WORK REQUIRED.
Starting with the line that holds "Spectrin beta III", reproduce each line through the last one of the data, exactly as written. Pictures are not copied.

··········

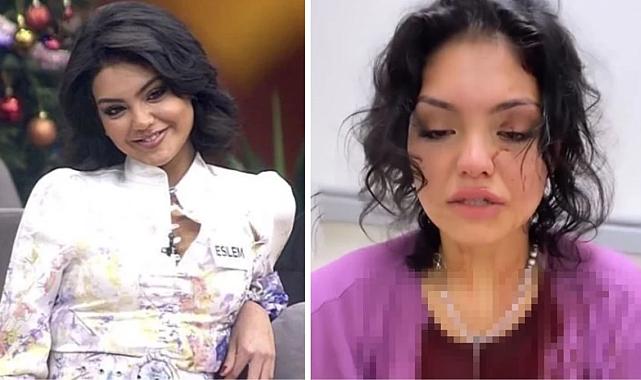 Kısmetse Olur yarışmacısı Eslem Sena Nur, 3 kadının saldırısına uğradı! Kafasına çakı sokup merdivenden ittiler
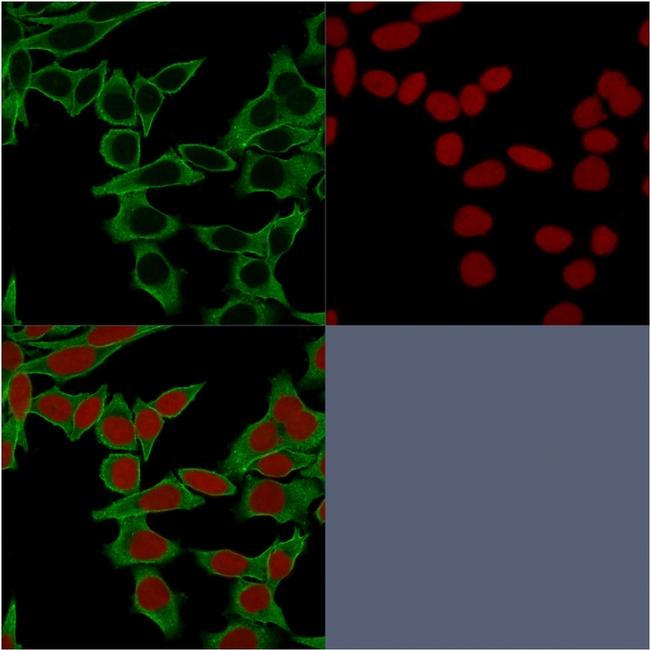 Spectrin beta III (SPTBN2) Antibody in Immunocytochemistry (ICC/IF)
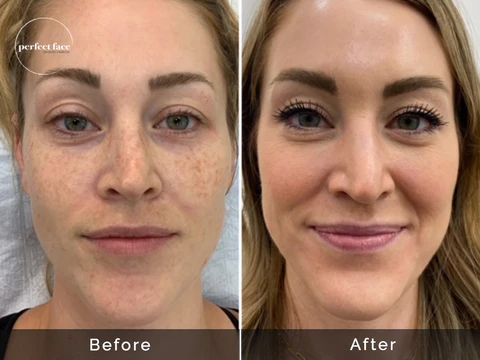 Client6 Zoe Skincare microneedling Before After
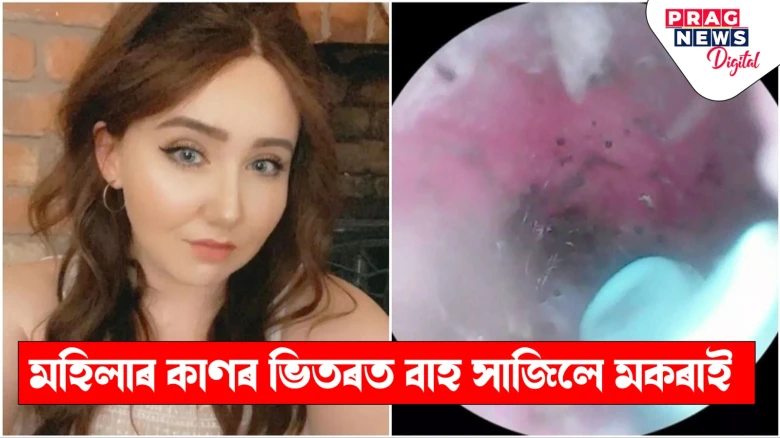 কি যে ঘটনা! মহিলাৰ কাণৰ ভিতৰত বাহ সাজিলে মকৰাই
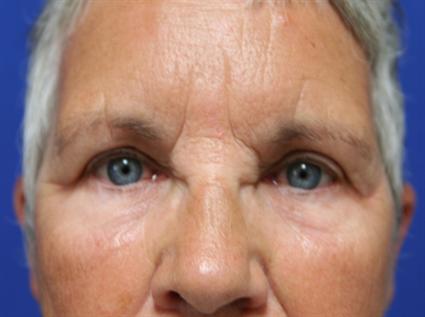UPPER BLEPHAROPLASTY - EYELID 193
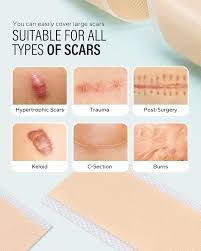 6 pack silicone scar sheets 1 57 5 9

··········

SOLUTION TO THE EXERCISE.
 Spectrin beta III (SPTBN2) Antibody in Immunocytochemistry (ICC/IF)
 Client6 Zoe Skincare microneedling Before After
 কি যে ঘটনা! মহিলাৰ কাণৰ ভিতৰত বাহ সাজিলে মকৰাই
UPPER BLEPHAROPLASTY - EYELID 193
 6 pack silicone scar sheets 1 57 5 9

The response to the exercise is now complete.